# Mora Classic Mod



## jacktheclipper (Aug 7, 2010)

I blowtorched the paint off , dremeled the spine flat , dremeled a finger choil and randomly fileworked the handle for better grip .



Uploaded with ImageShack.us


----------



## carrot (Aug 7, 2010)

Interesting new grip. I'm a big fan of the wooden handled Moras.


----------



## ~UB~ (Sep 23, 2010)

Nice find...
I am a fan of the Mora's.
They wick up a scary edge with no trouble at all and can be had for a few bucks!!!


----------



## NonSenCe (Sep 23, 2010)

interesting mod. how much you have wood between the tang and the new fingerchoil. did you check? is there already a chance it will break/split the handle if used errmm.. little more vigorously when carving something?

and btw.. it seems like those wooden handle moras are getting harder to find.. all seem to be those plastic ones. and i really like the feel of the real wood in fixed blade knife handle. (thats why i do dabble making my own now and then.. atleast buying a pre made blade and making a handle myself)

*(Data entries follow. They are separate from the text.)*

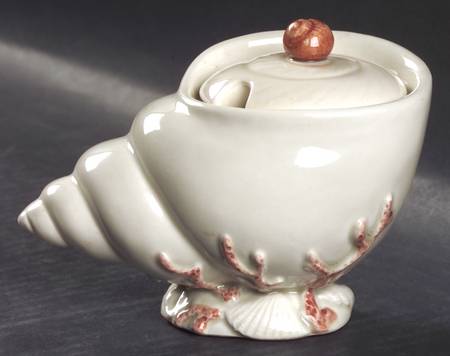Oceana (Pink Coral Edge) Sugar Bowl & Lid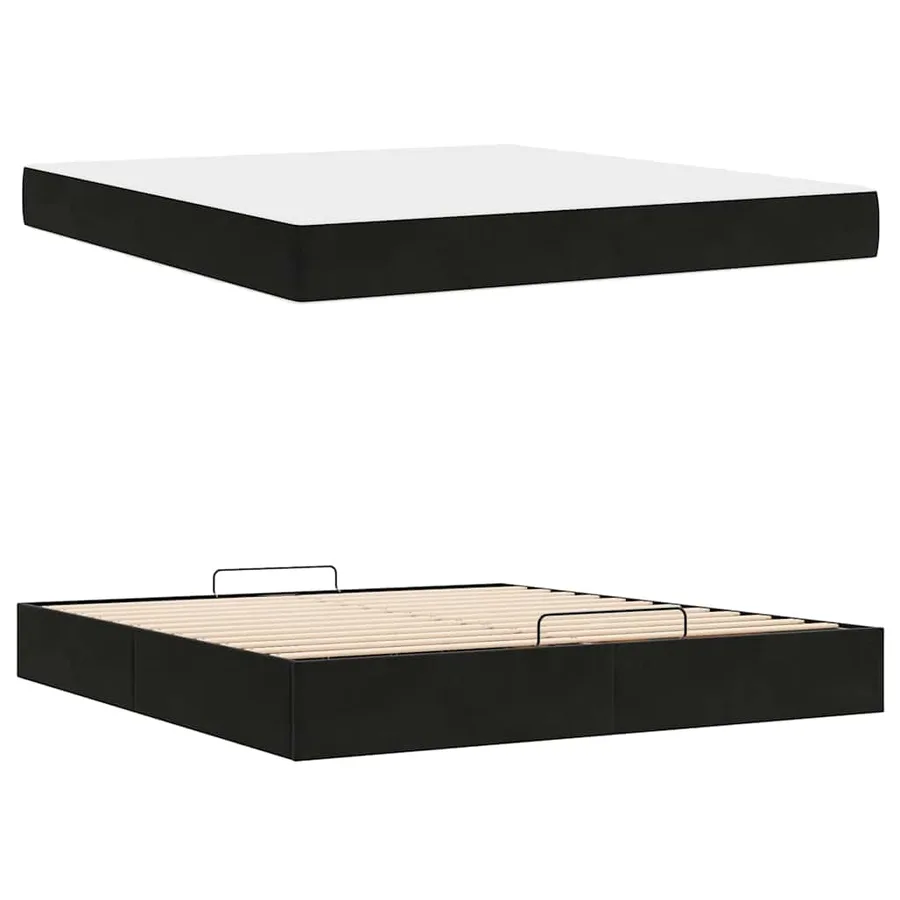 Cadre de lit avec matelas 2 pcs Noir Velours - 6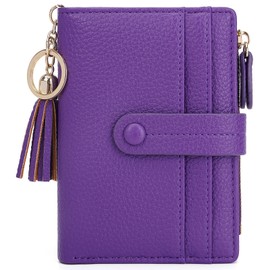 HKCLUF Women's Small Purse Women's Leather RFID Wallet with Coin Compartment Women's Purses Many Compartments, b-7 purple, Elegant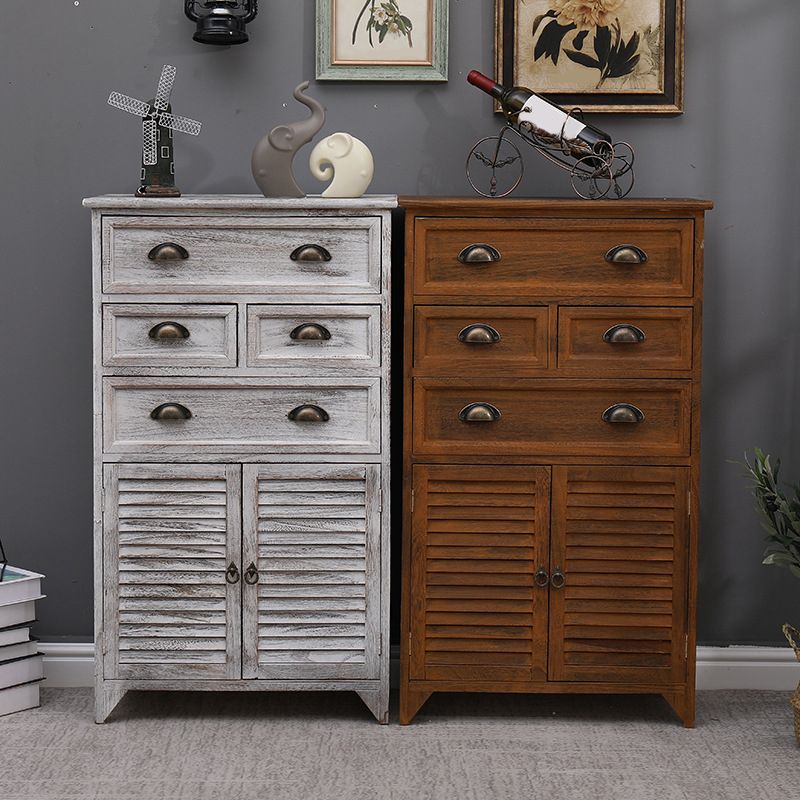 Nautical Bedroom Solid Wood Storage Chest Vertical Chest with Drawers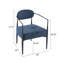 Confortable fauteuil d'appoint de style Mid-Century avec assise et structure à ressorts ensachés, fauteuil bleu marine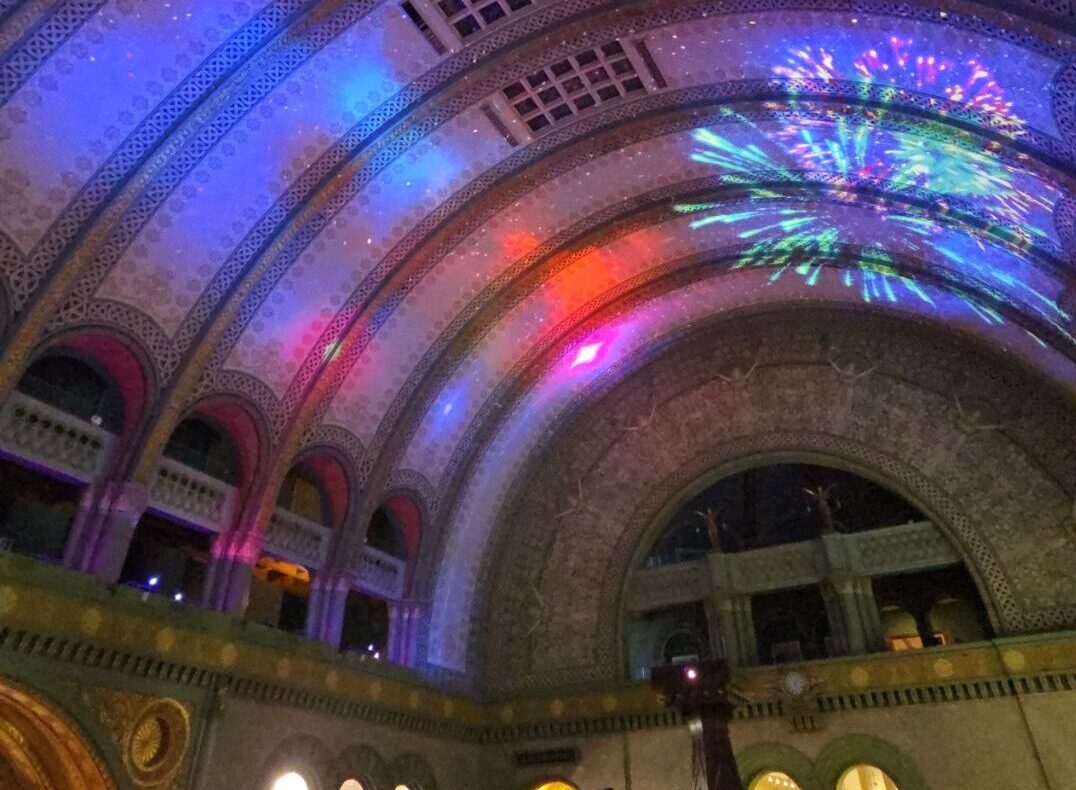 The grand hall at St. Louis Union Station lit up during our anniversary staycation — fifteen minutes from home, completely worth it.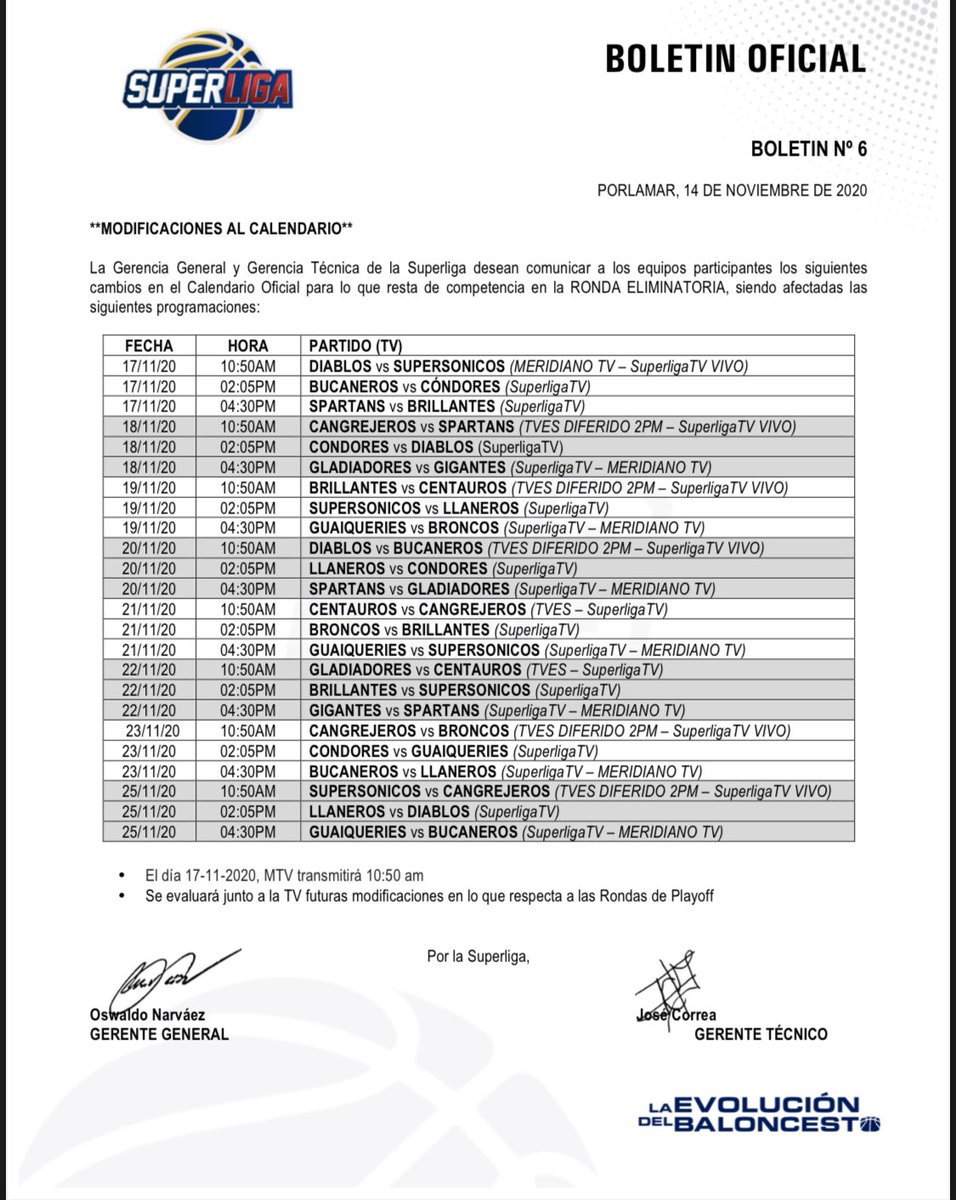 SuperligaVen's tweet photo. #Superliga

⚠️ Atención fanáticos del baloncesto⚠️

Modificaciones en el Calendario de Superliga de Baloncesto, reflejadas en el Boletín Oficial 6 https://t.co/yyJQjRMRC3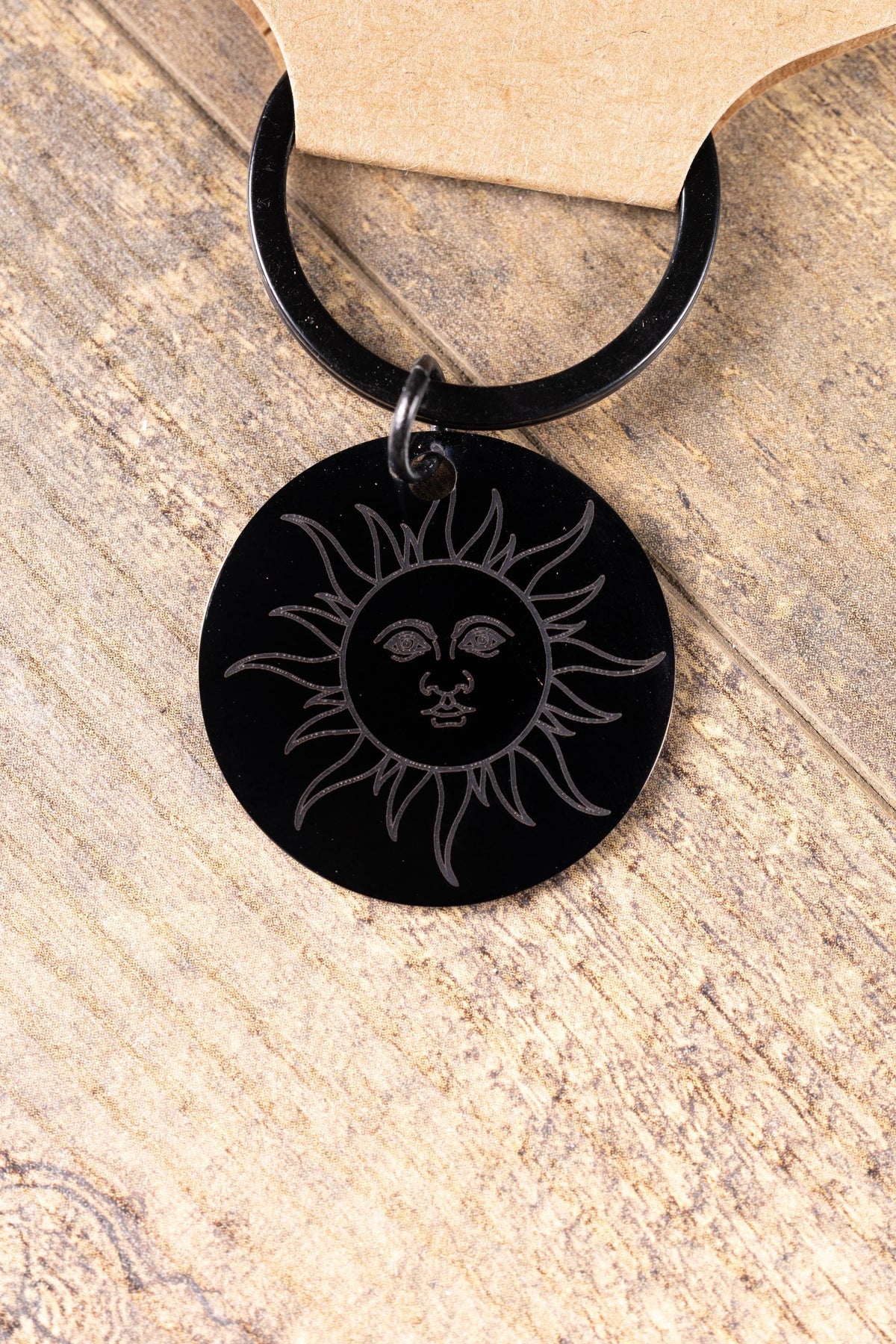Matte Black Sun Keychain – Laser Engraved Minimalist Sun Charm, Durable Everyday Accessory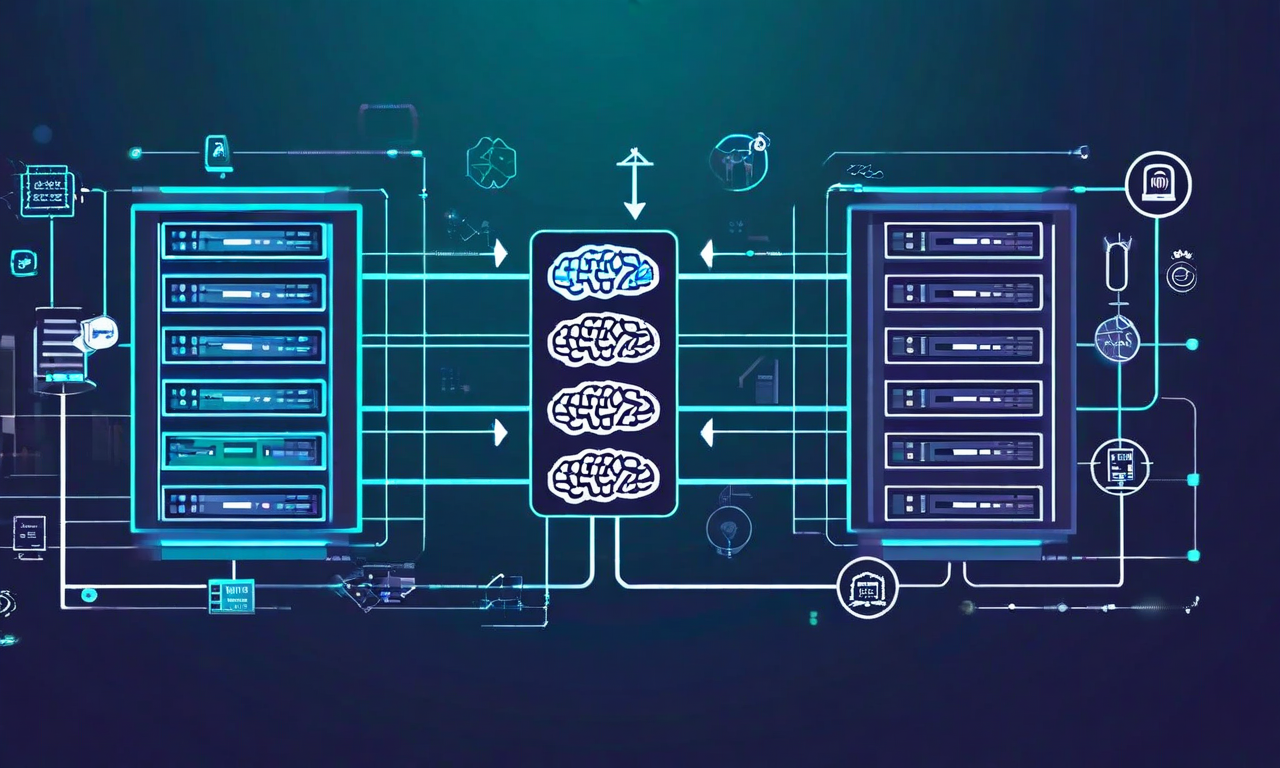 Technical architecture diagram illustrating the Model Context Protocol's client-server pattern, showing an AI client on the left connected through a central protocol layer to multiple data source servers on the right, with bidirectional arrows indicating standardized communication flow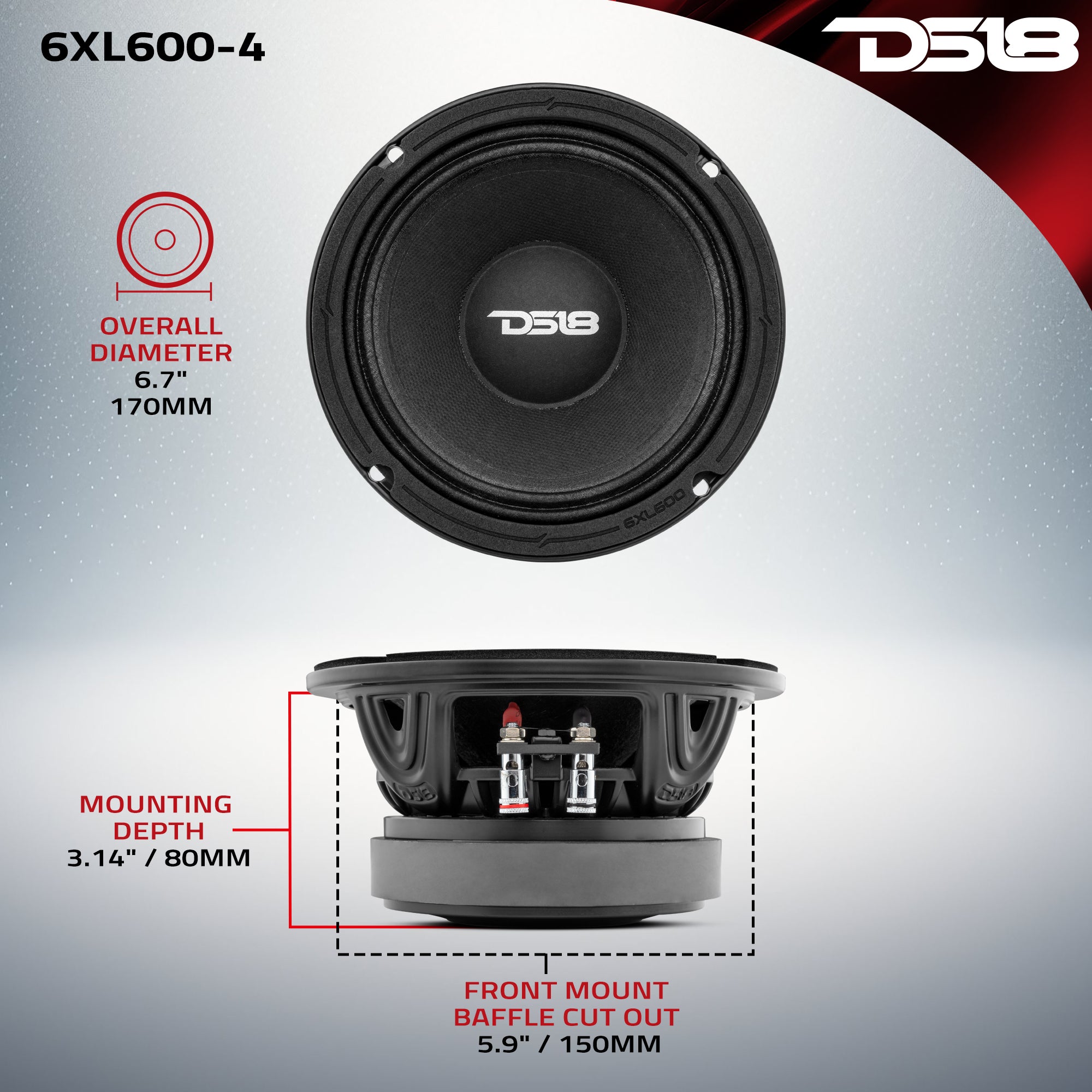XL 6.5 Mid Range Loudspeaker 300 Watts RMS 4 Ohm - High Power Car Audio Speaker for Clear Sound in Vehicles & Home Theater Systems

the plastic ones.. even the cheapest one made is still great value knife.. and they are used by pretty much everyone over here. red handle mora is almost synanomous to general use craftsman/handyman knife. 

dont think i ever thrown one away. (lost few tho ) but never had the need to throw away.. you can always sharpen it or re-model it again to stubbyer one even if it got twisted in two parts after abusing it as prybar  

which reminds me.. i still have one loose blade left somewhere.. i kinda hammered the plastic handle off when trying to pry something off. the blade needs a little reprofiling but its still doable. maybe i should start to make a new handle to it finally. maybe one with brass rivets because of the weird shape of the tang.. 

appletree handle maybe. or birch. ..both i have ready. hmm.. or should i make one side of appletree and other side from something darker wood.. (daydreaming moment..)


----------



## gelande-strasse (Oct 3, 2010)

Good call on the choil. The stock shape looks like a real finger/hand slicer.


----------